Despite the agreement between EU member states, the legislation's implementation will likely face obstacles and may undermine the European Union's competitive edge in the AI sector in the long term. While EU policymakers will still need to iron out technical aspects of the new rules' requirements, the Act nevertheless appears as though it will be enacted. Nevertheless, the Act's implementation will still face hurdles, including the potential for novel AI breakthroughs that may occur in the interim, which could nullify aspects of the legislation. Likewise, the new rules' current threshold for defining "high-impact" systems — those with a compute equal to or above GPT4 — may be less relevant in two years if subsequent foundation models become much more advanced, potentially rendering the legislation less effective or void. Additionally, the AI Act's enforcement will be challenged by resource and personnel limitations within and across different member states' regulatory agencies, which have the potential to stifle oversight initiatives once the rules are in place. Regardless of these obstacles, the AI Act's official implementation will significantly augment transparency requirements for companies developing or using AI systems. It will also have material implications for the types of AI services available to EU citizens and companies within the bloc. Large AI developers like OpenAI, Microsoft, Google and Meta will likely limit which foundation models they make available in the European market, meaning there is a risk of them releasing specifically less advanced systems to the bloc.
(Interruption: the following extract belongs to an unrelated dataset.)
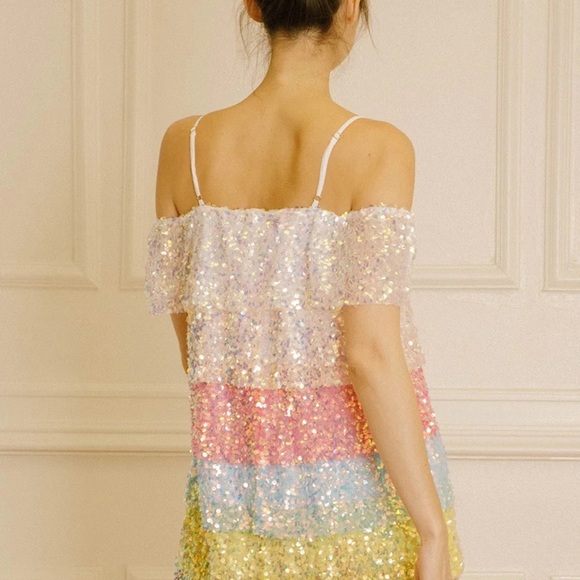 Multi Colored Sequin Ruffle Off-The-Shoulder Mini Dress Size L/8 - Picture 3 of 4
As a result, EU companies would suffer constraints in their efforts to integrate AI services into various commercial use cases that could accelerate efficiency or productivity. As many companies in other jurisdictions like the United States incorporate AI tools, European industries will struggle to compete with their counterparts' efficiency gains, diminishing the bloc's overall economic competitiveness in the long term. Additionally, EU-based companies will have less access to advanced AI systems to generate their own internal AI applications, further minimizing AI innovation in commercialized use cases.
- Under the new rules, consumers would have the right to launch complaints if a company fails to uphold protections under the AI Act, and fines for violations would range from 7.5 million euros ($8.1 million) or 1.5% of global turnover to 35 million euros or 7% of global turnover.
- The United Kingdom has pledged to pursue a "pro-innovation" approach in the AI sector. In September 2023, the British government unveiled seven new principles to apply to foundation models, emphasizing accountability and transparency but lacking a binding enforcement mechanism.